Oh look, Malloy and Christie still hand in hand on “Education Reform.”
Aug 03
Bridgeport, Charter Schools, Education Reform, Malloy, Paul Vallas, State Legislature, Stefan Pryor Education Reform, Malloy, Paul Vallas, Stefan Pryor 58 Comments
Wait, What? readers will recall Governor Malloy’s original “Education Reform” proposal which created the “Commissioner’s Network,” a system in which Stefan Pryor, Malloy’s Commissioner of Education, would be given the authority to take over a series of local schools, remove the existing staff, ban collective bargaining and turn the schools over to some third-party who would then be exempt from the state’s laws requiring competitive bidding and limiting the use of consultants.
A modified version of his proposal passed the Legislature and is now being implemented.
For example, Pryor is taking control of the Milner School in Hartford and handing it over to the Jumoke Charter School company. Commissioner Pryor is taking this action despite the fact that Jumoke has NO EXPERIENCE working with non-English speaking students and yet more than 40% of the Milner School’s students are not fluent in English or go home to households in which English is not spoken.
New York’s public radio station (WNYC) and public education expert and advocate Diane Ravitch are reporting the “education reform” plan coming out of Chris Christie, New Jersey’s right-wing governor.
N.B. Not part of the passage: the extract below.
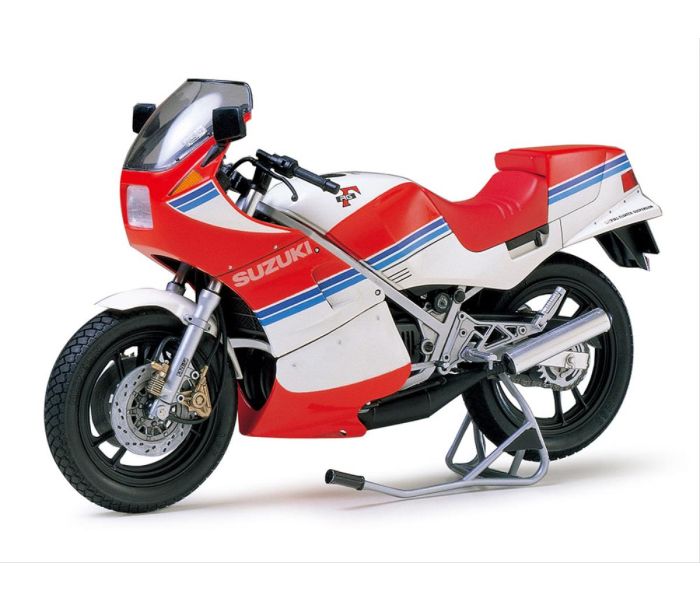 Suzuki RG250 R Gamma Full Option (1:12 Scale)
And it sounds pretty damn familiar.
See the NYC story at Documents Detail Christie Administration’s Plan for School Reform and Diane Ravitch’s post at Chris Christie’s Plan to Privatize NJ’s Low-Performing Schools.
Both articles come from information provided by The Education Law Center, New Jersey’s public education advocacy group.
The Education Law Center acquired a copy of Governor Christie’s plan.
It is almost as if Christie took Malloy’s plan and simply exchanged the word New Jersey for Connecticut and called it a day. (Or perhaps it was the other way around and Malloy took Christie’s plan.)
As WNYC reports, “The New Jersey Department of Education is moving forward with a reform plan…[that] calls for school closures, state operation of failing schools and elimination of union representation in schools…”
Like Malloy’s original plan, New Jersey’s plan proposes that “schools will be freed from the district’s collective bargaining agreement and the school’s operator will have control over personnel decisions.”
The Christie Plan also lays out a system in which “private contractors will take over failing schools.”
In addition, similar to what is going on in Bridgeport, New Jersey’s plan relies on “private funds” that will be used to implement portions of the law. In New Jersey’s case the money is coming from the Broad Foundation of California.
Low and behold, the similarities between Christie’s plan and what Malloy, Pryor and Paul Vallas are doing here in Connecticut don’t stop there.
Diane Ravitch writes “one of the news stories says that [New Jersey’s education commissioner] wants to use [Paul Vallas’] New Orleans “recovery school district” as a model for New Jersey.”
Ravitch rightfully asks whether these guys know that when Vallas was done with New Orleans, “79% of the charters in New Orleans were graded either D or F by the state, and that New Orleans’ school system was ranked 69th of 70 districts in the entire state.”
Meanwhile, in the small world department, Christie’s education commissioner, Chris Cref and the Broad Foundation – the very ones leading Governor Christie’s efforts worked directly with Malloy’s Stefan Pryor when Pryor was working in Newark.
After reading about what is going on in New Jersey, I know I’m repeating myself, but it is worth saying again.
Governor Malloy introduced the most anti-public education, anti-teacher, anti-union “education reform” bill of any Democratic governor in the nation. Malloy’s bill was far more in line with the worst proposals coming out of the corporate privatization movement.
Thankfully, the Democrats in the Legislature watered down some of the worst provisions of Malloy’s bill, but the law is still moving Connecticut in the wrong direction.